[EXTRACTED DATA — start]

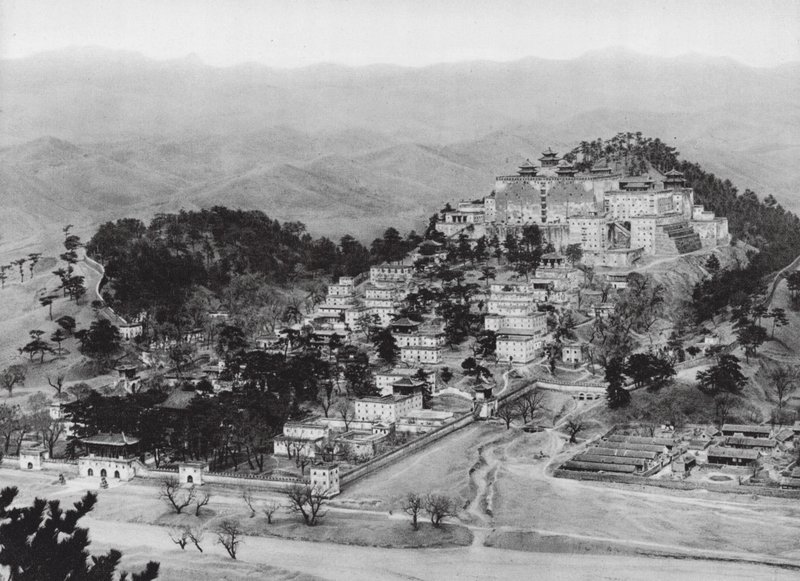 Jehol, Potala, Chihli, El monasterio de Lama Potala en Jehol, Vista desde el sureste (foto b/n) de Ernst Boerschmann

[EXTRACTED DATA — finish]
[EXTRACTED DATA — start]

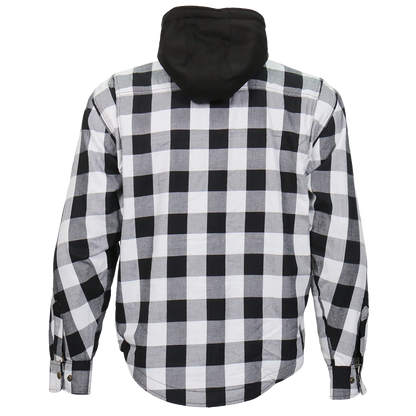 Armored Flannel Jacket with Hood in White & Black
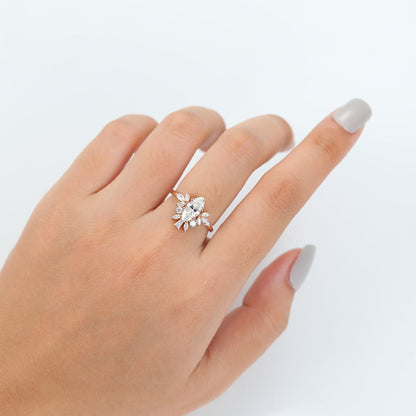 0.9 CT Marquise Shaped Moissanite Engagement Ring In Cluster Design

[EXTRACTED DATA — finish]
[EXTRACTED DATA — start]

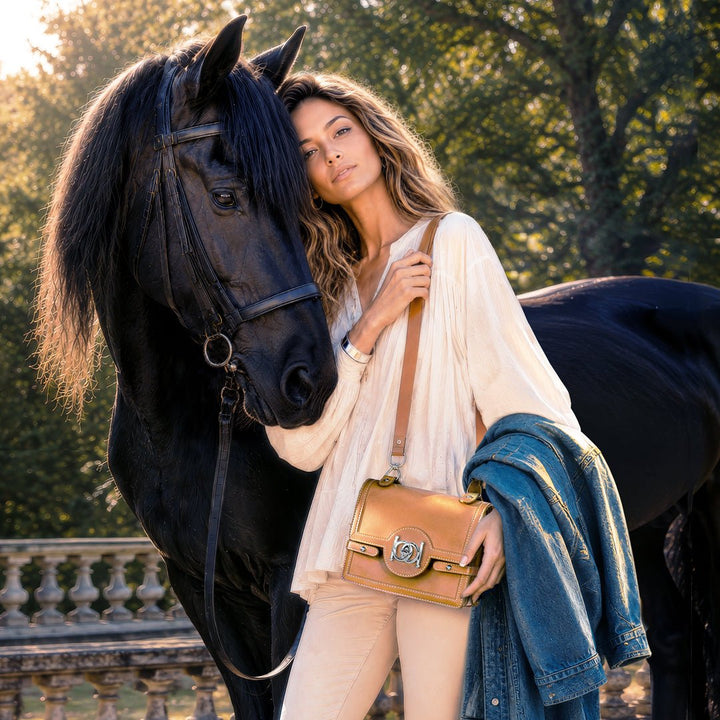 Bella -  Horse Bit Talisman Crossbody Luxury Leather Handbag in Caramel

[EXTRACTED DATA — finish]

THE PROBLEM:
In the listing above, find the line containing "Armored Flannel Jacket" and the line containing "0.9 CT Marquise"; print those lines and every line between them exactly, leaving out pictures.

OUTPUT OF THE EXERCISE:
 Armored Flannel Jacket with Hood in White & Black
 0.9 CT Marquise Shaped Moissanite Engagement Ring In Cluster Design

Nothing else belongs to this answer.